Sadie’s success at Williston would not have been possible without the school’s financial aid program, Hannah points out. Coming from the South, where independent schools are often church-based and less expensive, she says she was unprepared for the cost of a New England independent school, and was initially worried that it would be beyond their means. “Then the financial aid package came through and we realized, yes, we could do it. It was an enormous relief.”
Also welcome was how Sadie was received by the Williston community, where she has been taken in like family. A natural organizer who enjoys bringing people together, Sadie has made strong connections with her classmates as well as adult mentors on campus, even babysitting for her advisor’s children, notes her mother. “If you have all this support and family around you, people who always have their eye out for you, it’s comforting as a parent to know that,” she says. “It’s really nice to have your teenager launch from being a kid to being an adult in that atmosphere.”

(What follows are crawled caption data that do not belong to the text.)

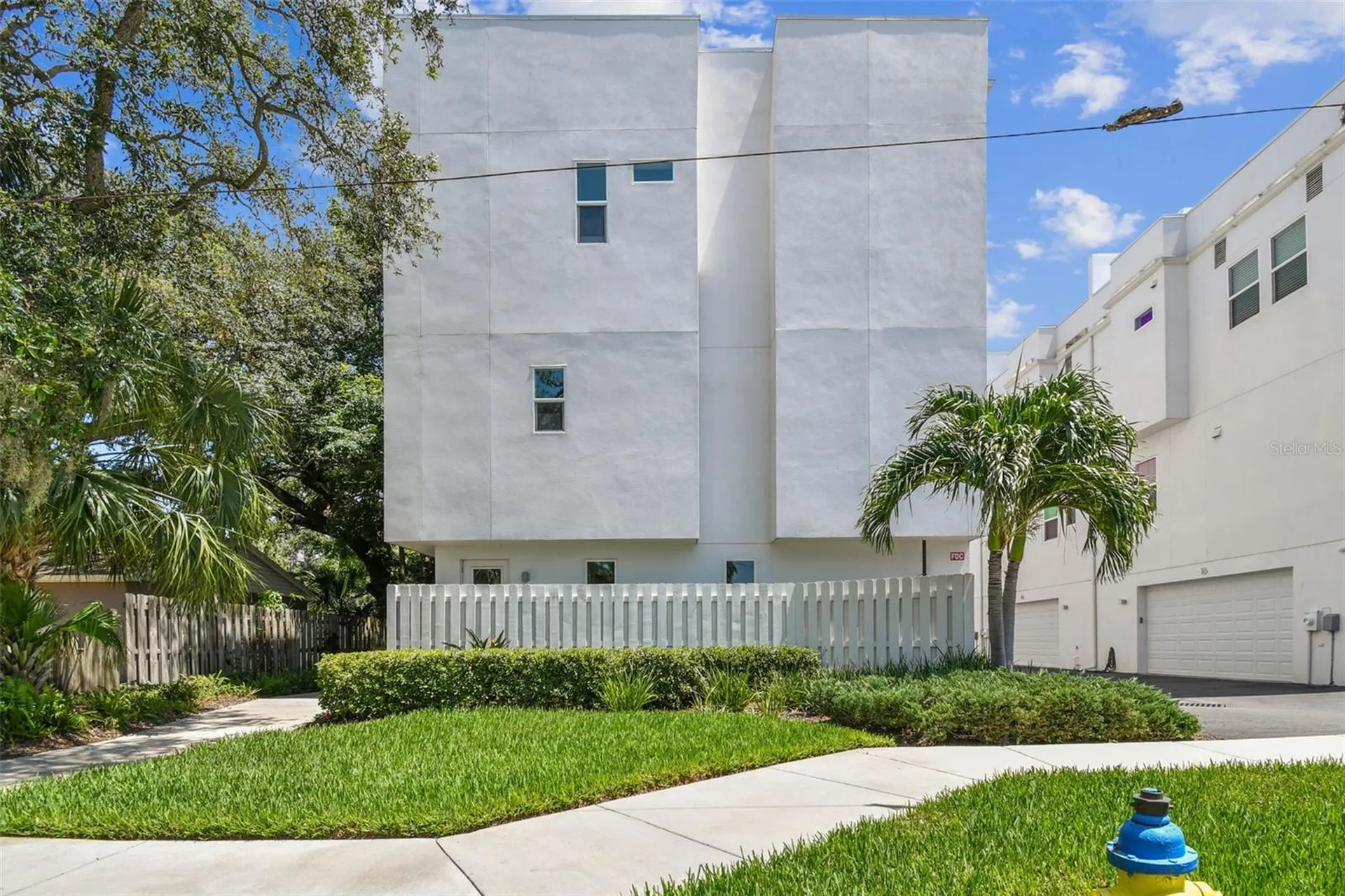 3100 W Paul Avenue Tampa FL 33611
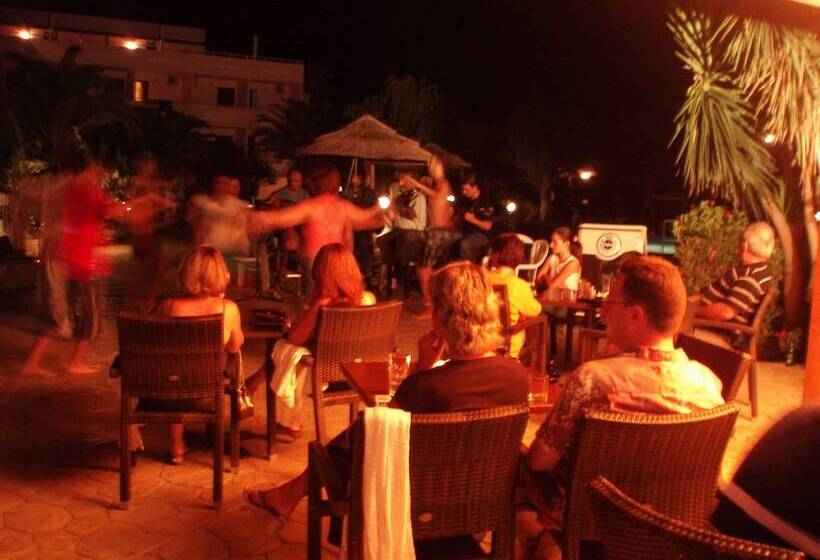 Roselands Hotel Bungalows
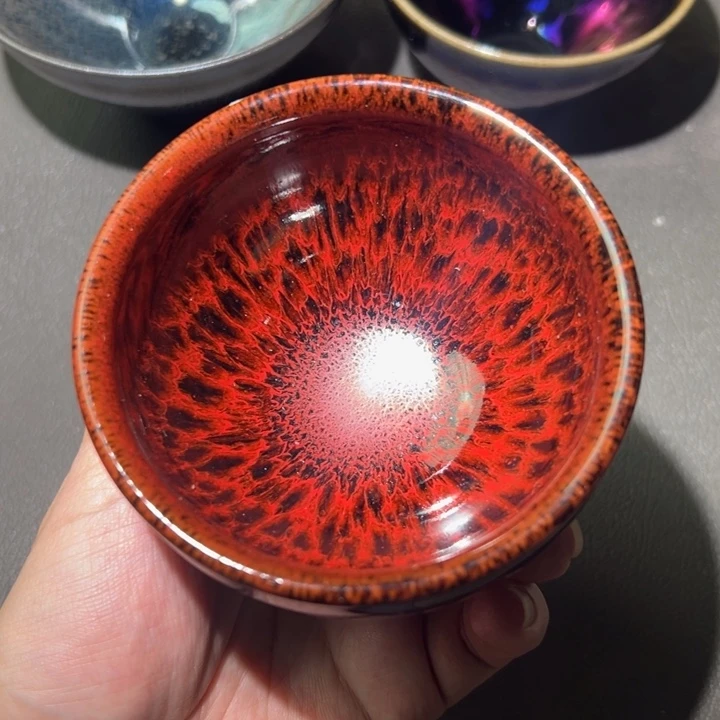 茶盏我想和她好好聊聊呢可是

In her own work with the Fund for Education Abroad, which provides scholarships to students who would not otherwise be able to afford travel programs, Hannah has seen for herself how financial aid can open doors for young people. “It’s unbelievable the difference it makes to take on something—whether it’s going to Williston or going abroad—that can open up your mind about the world,” she says. “There’s no downside to that.” In her daughter’s case, the opportunity to attend Williston has indeed been transformative. “I can see in her this real belief in herself,” she says. “She’s relaxing into the idea that she is an intelligent and intellectually curious person who can do incredible things.”
Sadie agrees. Williston, she says, has helped her transition from her ballet-focused childhood to her life today, with a huge range of new passions. Her parents have enjoyed seeing that change. “They knew how hard moving would be for me,” she says. “And I think they felt comfort knowing that I was going to a place where I could grow and become a better version of myself.”